FIG. 16 is a cross-sectional view showing one embodiment of the
plasma reactor according to the present invention along a plane
perpendicular to the surface of a unit electrode forming a plasma
generating electrode, and FIG. 17 is a cross-sectional view along
the line A-A shown in FIG. 16.
[0081] As shown in FIGS. 16 and 17, a plasma reactor 21 according
to this embodiment includes one embodiment (plasma generating
electrode 1) of the plasma generating electrode according to the
first invention as shown in FIG. 1, and a casing 22 having a
passage (gas passage 23) for a gas containing a specific component
formed therein, wherein, when the gas is introduced into the gas
passage 23 of the casing 22, the specific component contained in
the gas can be reacted using plasma generated by the plasma
generating electrode 1. The plasma reactor 21 according to this
embodiment may be suitably used as an exhaust gas processing device
or an ozonizer which produces ozone by reacting oxygen in the air,
for example. As shown in FIG. 1, in the plasma generating electrode
1 used for the plasma reactor 21 according to this embodiment, at
least one of the opposing unit electrodes 2 includes the
sheet-shaped ceramic dielectric 3 and the conductive film 4
disposed in the ceramic dielectric 3 and partially extending on the
surface of the ceramic dielectric 3 opposite to the other unit
electrode 2 on the end of the ceramic dielectric 3, and the
conductive terminal 5 is electrically connected with the conductive
film 4 disposed on the surface of the ceramic dielectric 3 opposite
to the other unit electrode 2 on the end of the ceramic dielectric
3, as described above. Therefore, the connection area of the
conductive terminal 5 can be increased, whereby simple and reliable
electrical connection can be achieved. Therefore, the plasma
reactor 21 shown in FIGS. 16 and 17 can stably generate uniform
plasma.
[0082] The plasma reactor 21 according to this embodiment may
include one embodiment (plasma generating electrode 11 (see FIG.

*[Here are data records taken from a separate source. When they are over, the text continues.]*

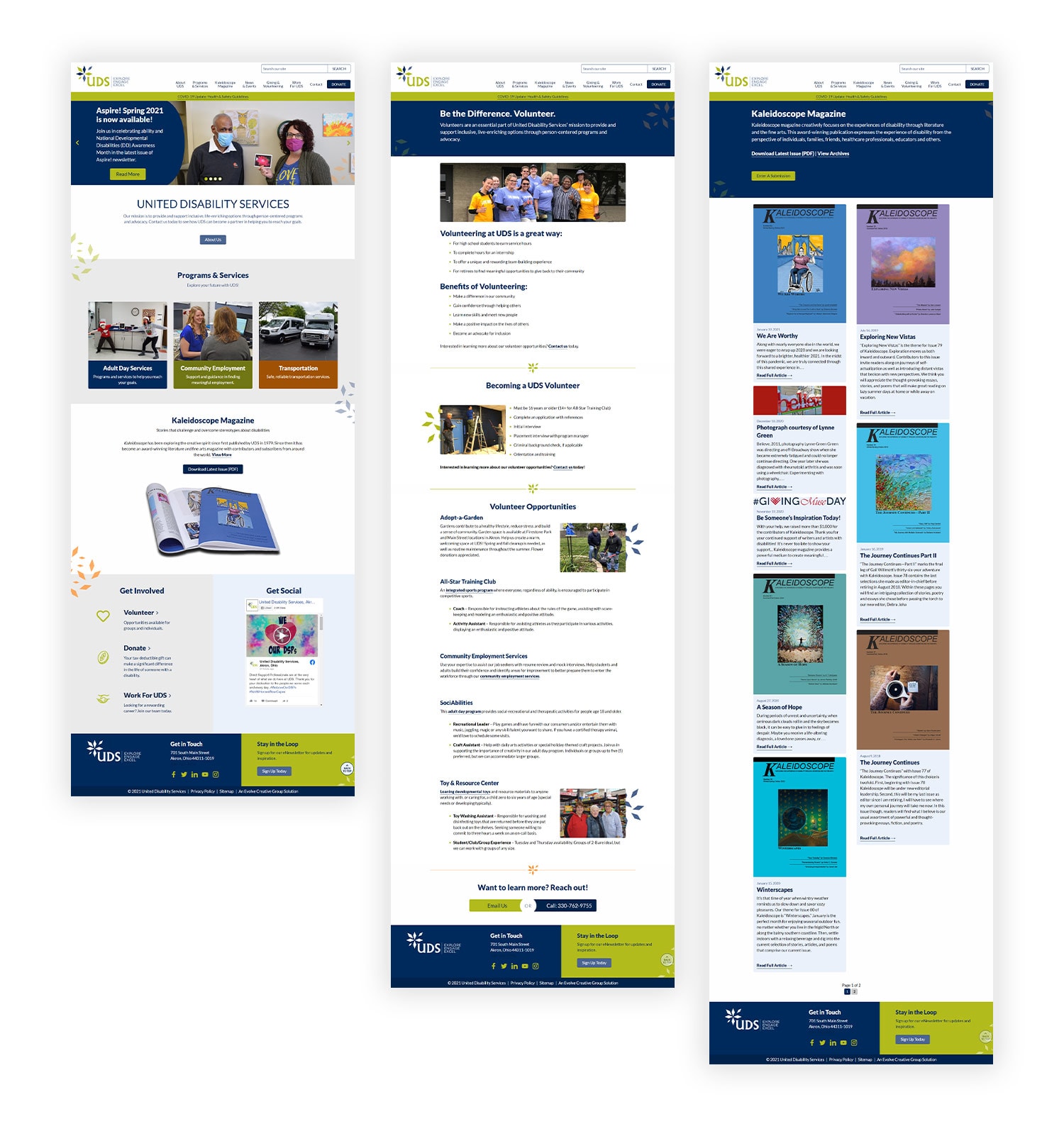 Three mockup images of United Disability Services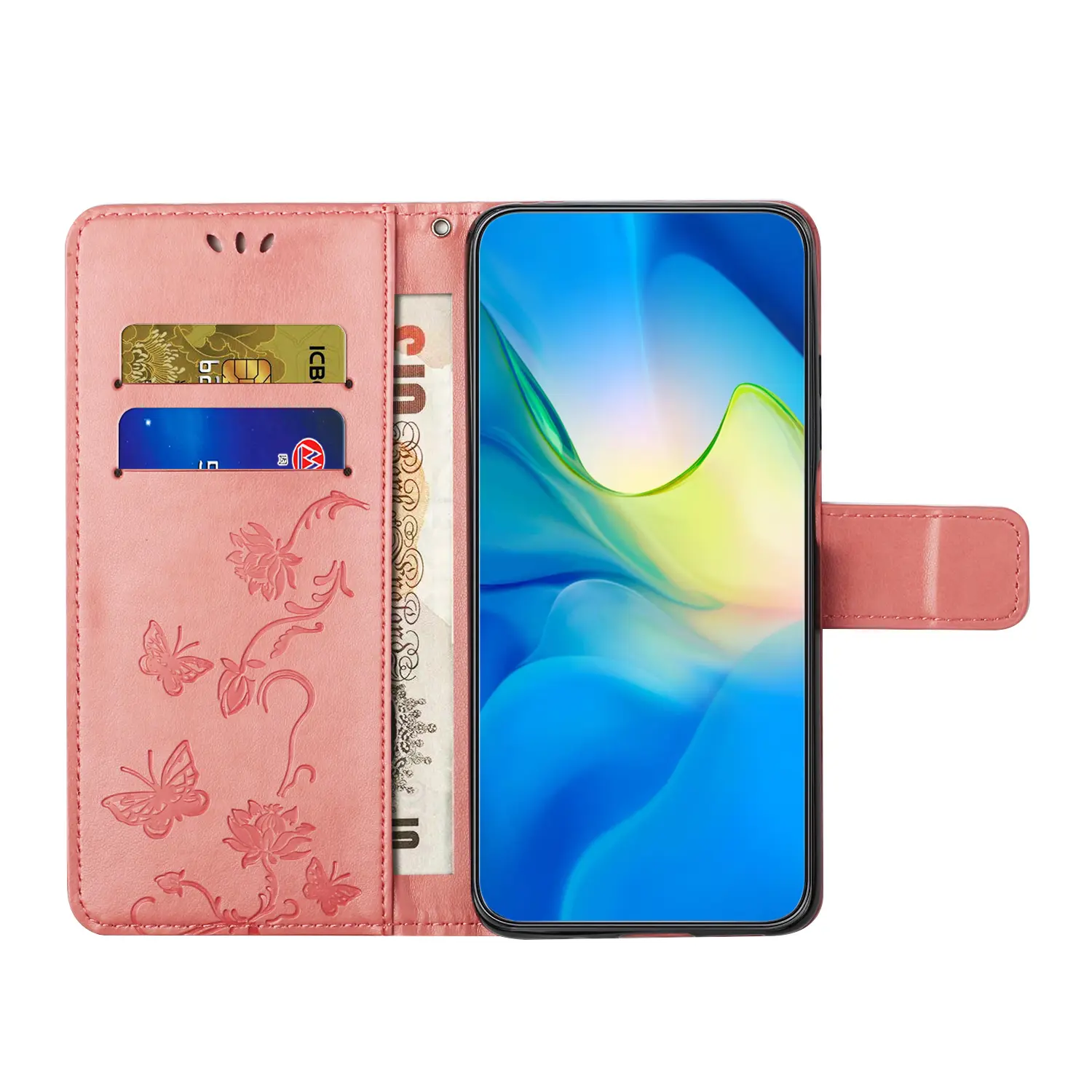 Läderfodral Fjärilar Motorola Moto G77 Rosa
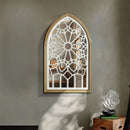 GobekUsa Gothic Rose Window Carved Mirror for Wall Decor in Living Room, Bedroom
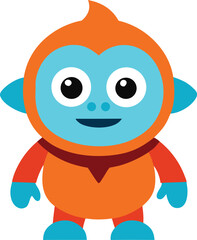 Cute cartoon character mascot vector design orange blue cute creature scalable illustration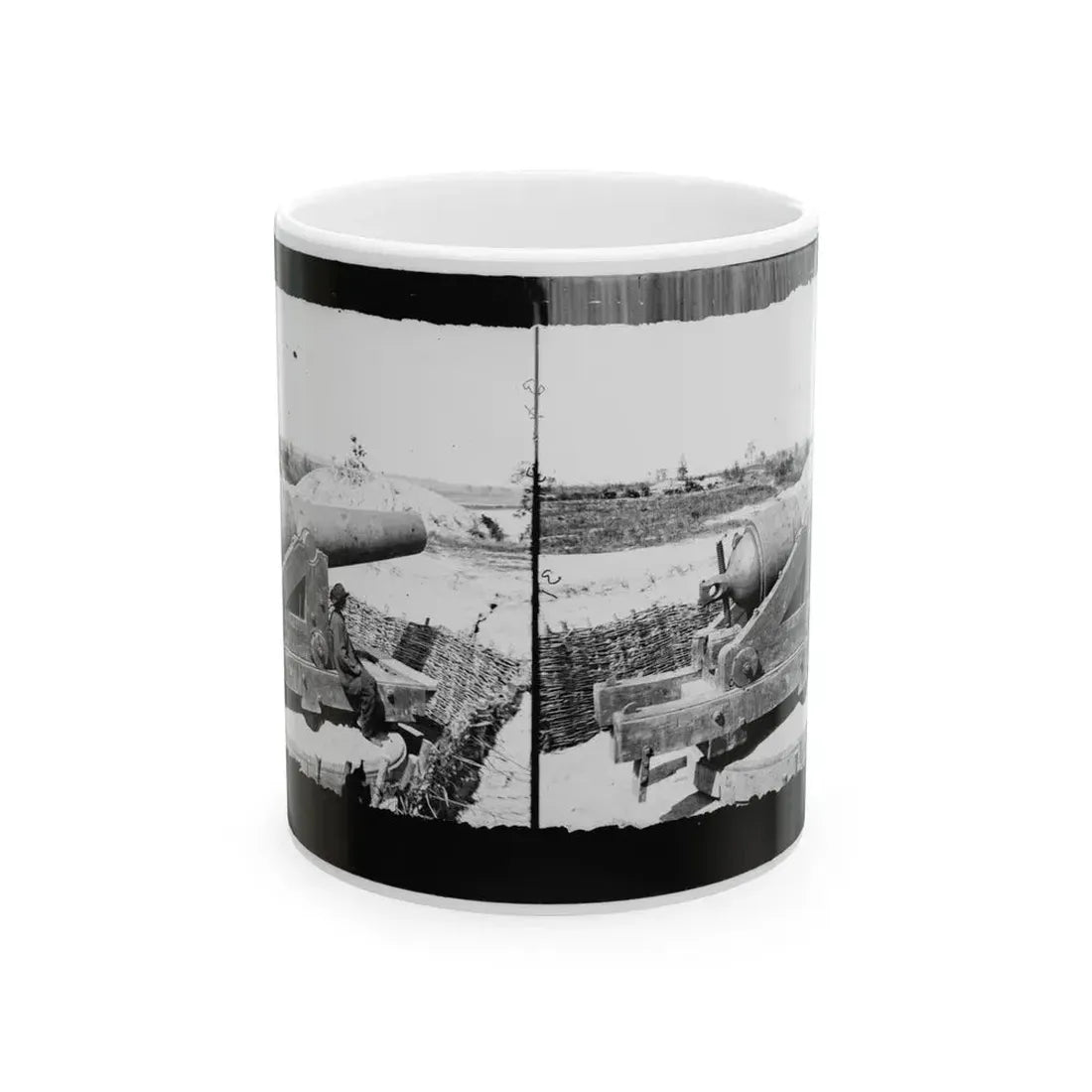 James River, Va. Another Confederate Gun Emplacement At Howlett House, Trent's Reach 001 (U.S. Civil War) White Coffee Mug 11oz - Go Mug Yourself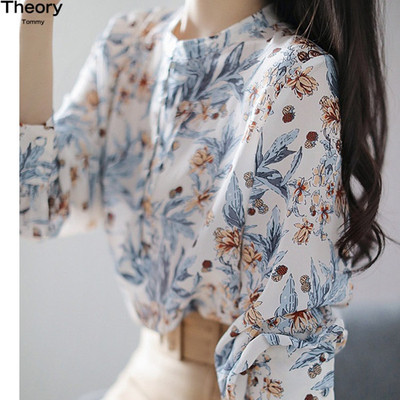 Theory Tommy重磅双绉桑蚕丝印花衬衫碎花立领单排扣真丝开衫上衣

7)) of the plasma generating electrode according to the second
invention instead of one embodiment (plasma generating electrode 1)
of the plasma generating electrode according to the first
invention. The same effects as described above can also be obtained
when the plasma reactor 21 includes one embodiment (plasma
generating electrode 11 (see FIG. 7)) of the plasma generating
electrode according to the second invention.

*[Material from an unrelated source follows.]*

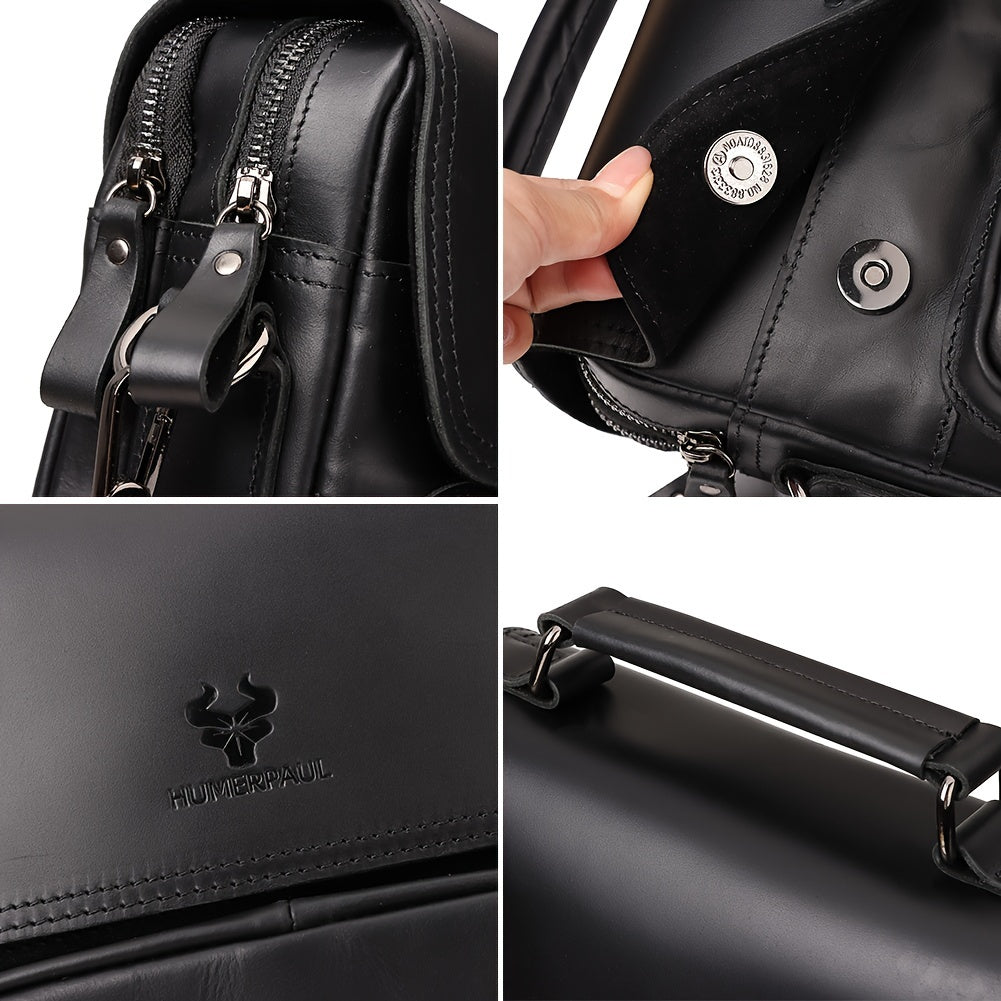 Leather Messenger Bag For Men, Shoulder Crossbody Bag With Adjustable Straps For Work Business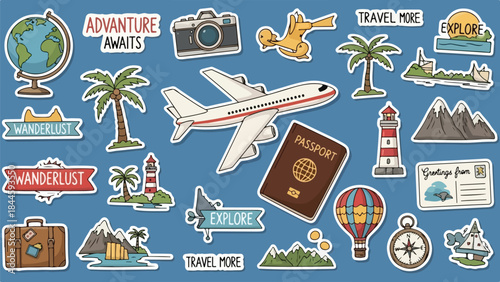 Collection of Travel and Adventure Stickers Featuring Planes, Landmarks, and Nature Elements.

[0083] The material for the casing 22 forming the plasma reactor 21
shown in FIGS. 16 and 17 according to this embodiment is not
particularly limited. For example, it is preferable that the
material for the casing 22 be ferritic stainless steel exhibiting
excellent conductivity, being lightweight and inexpensive, and
showing only a small amount of deformation due to thermal
expansion.
[0084] The plasma reactor according to this embodiment may include
a power supply (not shown) for applying a voltage to the plasma
generating electrode. As the power supply, an ordinary power supply
may be used insofar as the power supply can supply current which
causes plasma to be effectively generated. It is preferable that
the power supply be a pulse power supply. It is more preferable
that the power supply include at least one SI thyristor. Plasma can
be more efficiently generated using such a power supply.

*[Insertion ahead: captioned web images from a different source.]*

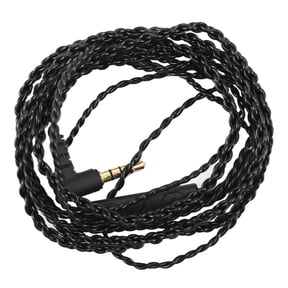 Earphone Audio Cable Repair Replacement 3.5mm Jack DIY Elbow Headphone 4 Copper Core Wire with Mic Volume Control(Black)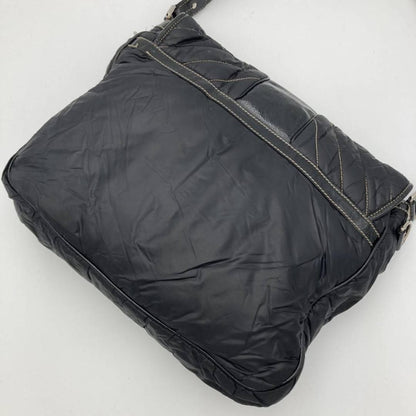 GUCCI Quilted Messenger Bag Black Nylon Leather Patch Embroidery #QY0V72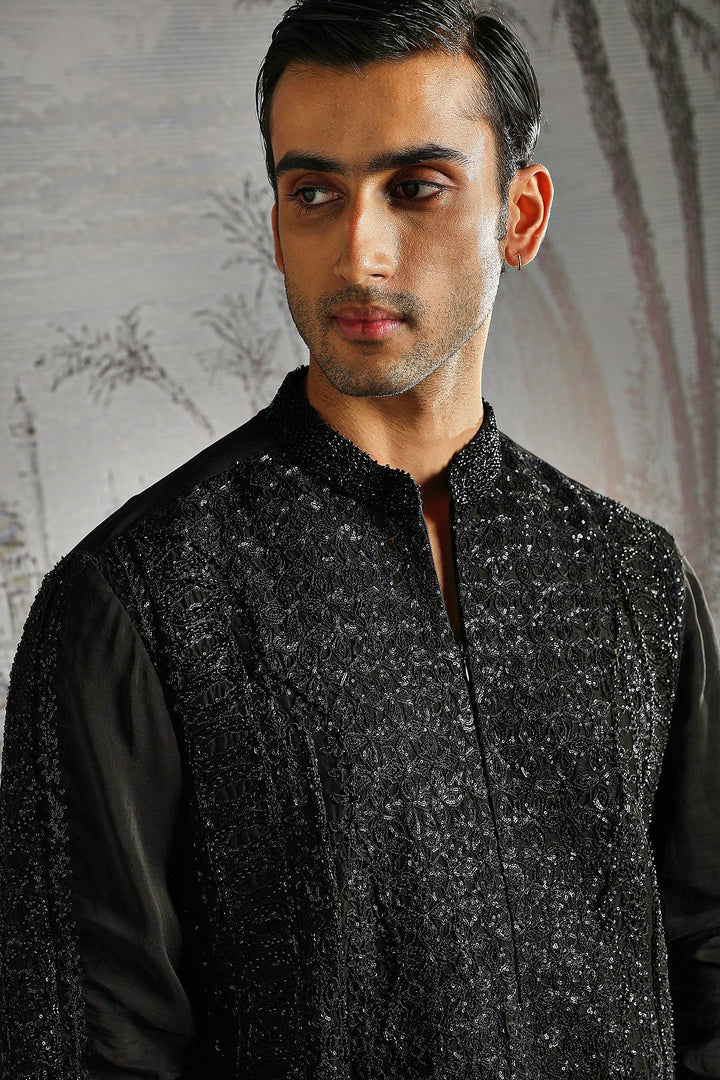 Black Tonal Geo-Pattern Kurta Set
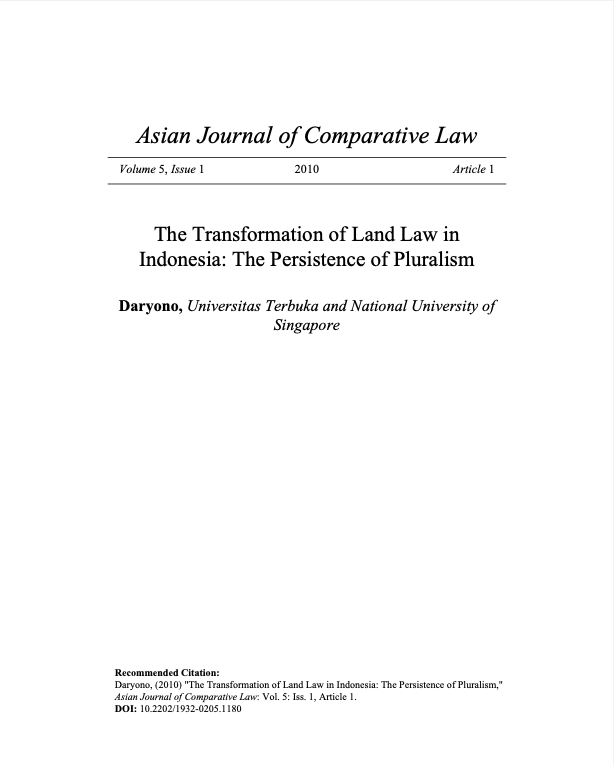  The Transformation of Land Law in Indonesia: The Persistence of Pluralism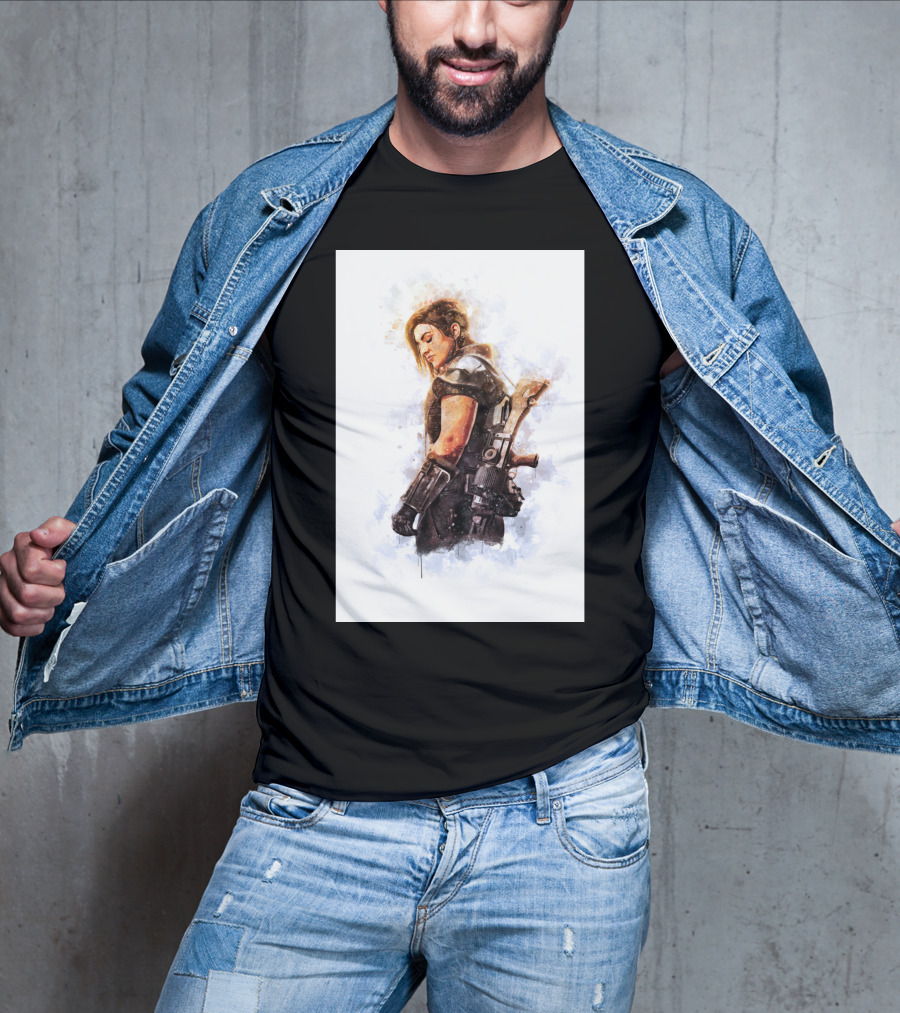 Only Today Watercolor Warrior Woman With Sword T-Shirt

[0085] The plasma reactor according to this embodiment may include
a power supply component such as an outlet so that current can be
supplied from an external power supply instead of providing the
power supply in the plasma reactor.
[0086] The amount of current supplied to the plasma generating
electrode forming the plasma reactor may be appropriately selected
depending on the intensity of plasma to be generated. When
installing the plasma reactor in an automotive exhaust system, it
is preferable that current supplied to the plasma generating
electrode be a direct current at a voltage of 1 kV or more, a pulse
current having a peak voltage of 1 kV or more and a pulse rate per
second of 100 or more (100 Hz or more), an alternating current
having a peak voltage of 1 kV or more and a frequency of 100 or
more (100 Hz or more), or a current generated by superimposing two
of these currents. This configuration allows efficient generation
of plasma.
EXAMPLES
[0087] The present invention is described below in detail by way of
examples. Note that the present invention is not limited to the
following examples.
Example 1
[0088] A slurry for forming a ceramic green sheet was prepared
using an aluminum oxide powder with a purity of 93 mass %. A
ceramic green sheet in the shape of a tape having a rectangular
surface shape (length: 100 mm, width: 50 mm) and having a thickness
of 0.5 mm was formed using the resulting slurry. A pair of the
resulting ceramic green sheets was used. A conductive paste using
tungsten was printed on one side of one of the pair of ceramic
green sheets to a length of 78 mm, a width of 48 mm, and a
thickness of 0.01 mm to form a conductive film.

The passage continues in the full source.